Diagram showing a digital employee's workday in three phases. Day Init on the left, where the agent loads memory and generates a daily plan. Execution Cycles in the center, where the agent repeatedly retrieves context, reasons and acts through a ReAct loop, and persists results across 50+ interleaved tasks. Day End on the right, where the agent generates a reflection and consolidates experience into long-term memory. Below the diagram, labels show the tiered memory architecture and experiential learning components. — Determine 1. Every day begins with a structured plan and reminiscence loaded from earlier periods. The agent then works via overlapping duties in repeated cycles, storing key outcomes at day’s finish to tell the following session.

CORPGEN addresses every of the 4 weaknesses of concurrent job execution—reminiscence overload, cross-task interference, dependency complexity, and reprioritization—in a focused method. Hierarchical planning breaks targets into each day targets after which into moment-to-moment choices, permitting the agent to behave from a structured plan as an alternative of reviewing all out there duties earlier than every step.

Subagents carry out complicated operations like net analysis in remoted contexts, stopping cross-task contamination. A tiered reminiscence system allows selective recall of task-related data reasonably than retaining every little thing in lively context. Adaptive summarization compresses routine observations whereas preserving essential data, holding reminiscence development managed.

As a result of these mechanisms usually are not tied to a selected base mannequin, we examined CORPGEN throughout three completely different brokers. In every case, we noticed constant features.
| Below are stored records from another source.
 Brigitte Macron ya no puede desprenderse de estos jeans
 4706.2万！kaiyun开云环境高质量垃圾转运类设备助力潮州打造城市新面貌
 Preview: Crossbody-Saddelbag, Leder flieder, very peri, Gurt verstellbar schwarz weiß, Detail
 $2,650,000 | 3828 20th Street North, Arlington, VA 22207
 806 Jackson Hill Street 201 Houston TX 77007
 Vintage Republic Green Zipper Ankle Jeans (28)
The enhancements got here from the structure, not from the energy of any explicit mannequin. Determine 2 reveals how they match collectively inside CORPGEN’s structure.
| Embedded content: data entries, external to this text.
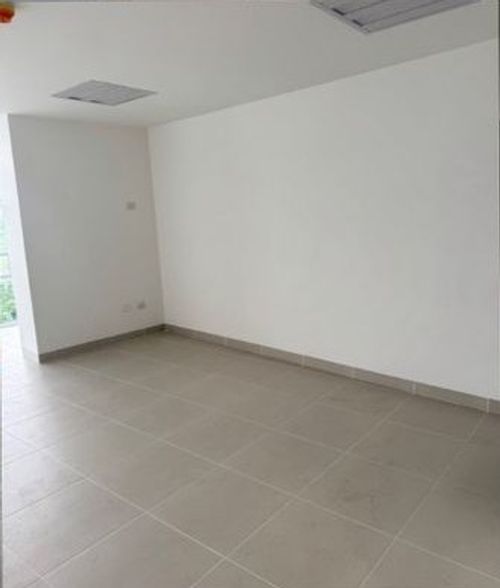 Consultorio en venta en Belmonte, Pereira, 43 m² · foto 2 de 6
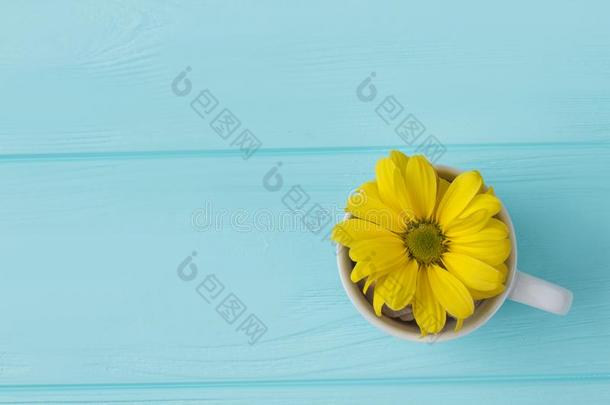 茶水杯子和黄色的花.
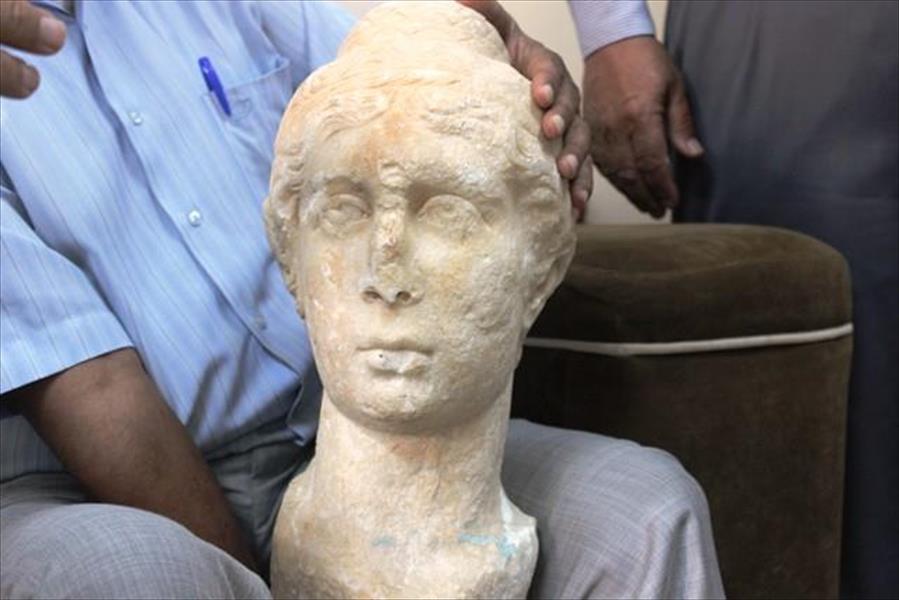 مصلحة الآثار تتسلم تمثالاً رخاميًّا عثر عليه بوسط البلاد في بنغازي‎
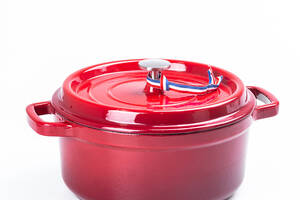 Кокотница чугунная TS Kitchen с эмалированным красным покрытием (HPFLG1RED)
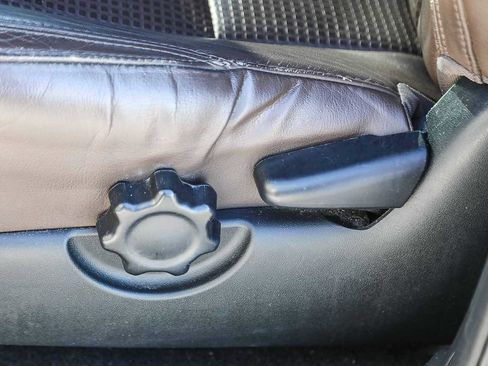 Used 2017 Toyota Tacoma Limited image 19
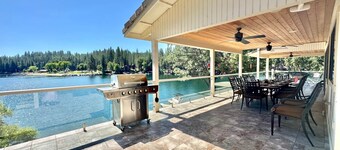 Luxury Yosemite Lake House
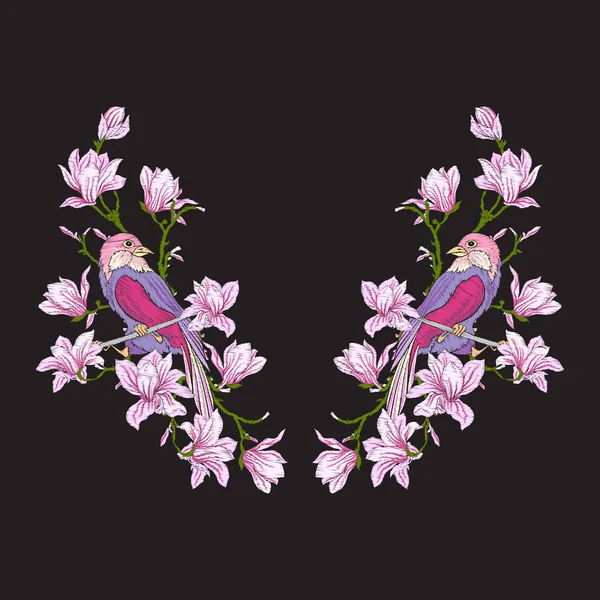 Nakış. Manolya çiçek tasarım öğeleriyle işlemeli bir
Architecture diagram of the CORPGEN framework. At center is the Digital Employee with persistent identity, execution engine, cognitive tools, sub-agents, and context management. On the left, Hierarchical Planning decomposes strategic objectives into tactical plans and operational actions. On the right, Sub-Agents as Tools shows a Research Agent and Computer-Use agent (UFO2) operating in isolated contexts. At the bottom, the Tiered Memory Architecture spans working memory, structured long-term memory, and semantic memory via Mem0. Experiential Learning in the bottom right captures successful trajectories and routes feedback to UFO2. Multi-Employee Collaboration at the top shows async communication via Email and Teams with no shared state. — Determine 2. 4 mechanisms help concurrent job execution in CORPGEN: hierarchical planning, remoted subagents, tiered reminiscence, and adaptive summarization.

How digital workers collaborate

When a number of digital workers function in the identical surroundings, collaboration takes form via customary communication channels, with out predefined coordination guidelines. One worker sends an e mail requesting information; one other picks it up within the subsequent cycle, makes use of its reminiscence to course of it, and responds. This alternate mirrors actual office communication.
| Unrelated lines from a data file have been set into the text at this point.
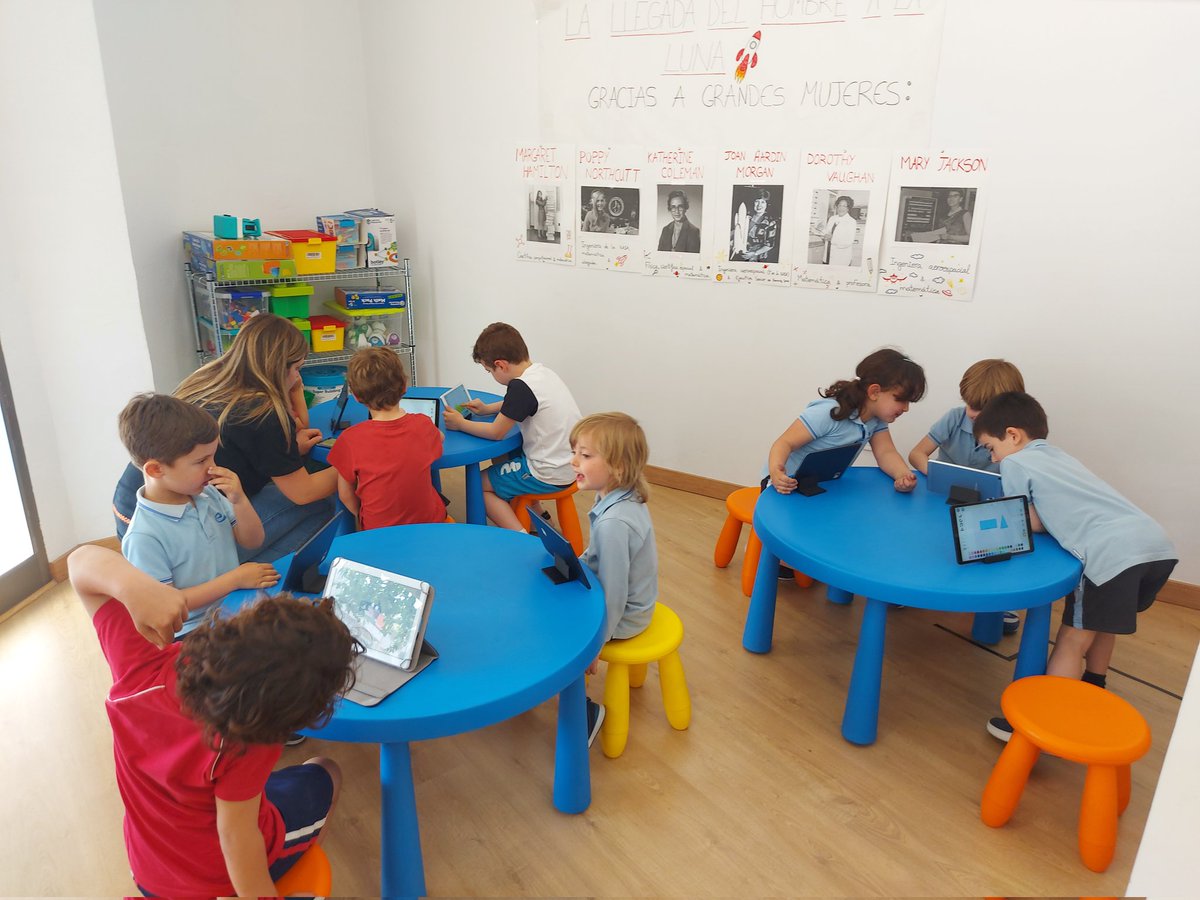 SomosCodenautas's tweet photo. #Scratchweek2022 @ScratchJr @scratch https://t.co/pGMKuidolp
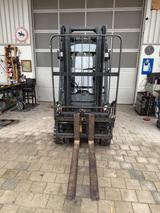 Linde E20PH Zinkenversteller und Seitenschieber - Linde E20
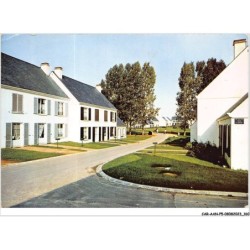 CAR-AANP5-77 CPSM-0447 - VERT-SAINT-DENIS - Grand village - 15x10cm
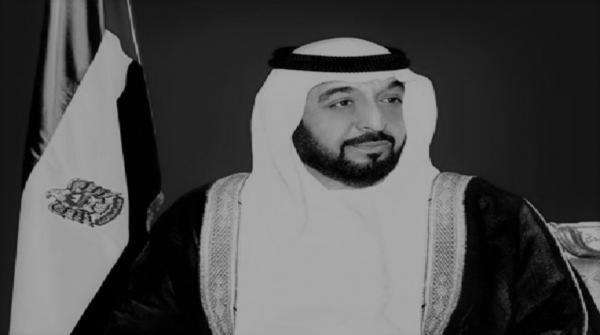 جثمان الشيخ خليفة بن زايد رئيس دولة الامارات يوارى الثرى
There isn’t any shared inner state between brokers. Coordination happens solely via e mail and Microsoft Groups, the identical channels many staff use. Over time, these impartial exchanges kind recognizable organizational patterns. Some brokers tackle management roles; others present help; shared paperwork develop into the connective tissue.

When a communication path breaks, akin to an e mail supply error, brokers reroute messages via alternate channels to maintain work shifting. The result’s a digital group that behaves like an actual one with out being explicitly programmed to take action.

Evaluating CORPGEN

We evaluated CORPGEN on a multi-task benchmark that mixed as much as 46 duties right into a single six-hour session. Three findings stood out.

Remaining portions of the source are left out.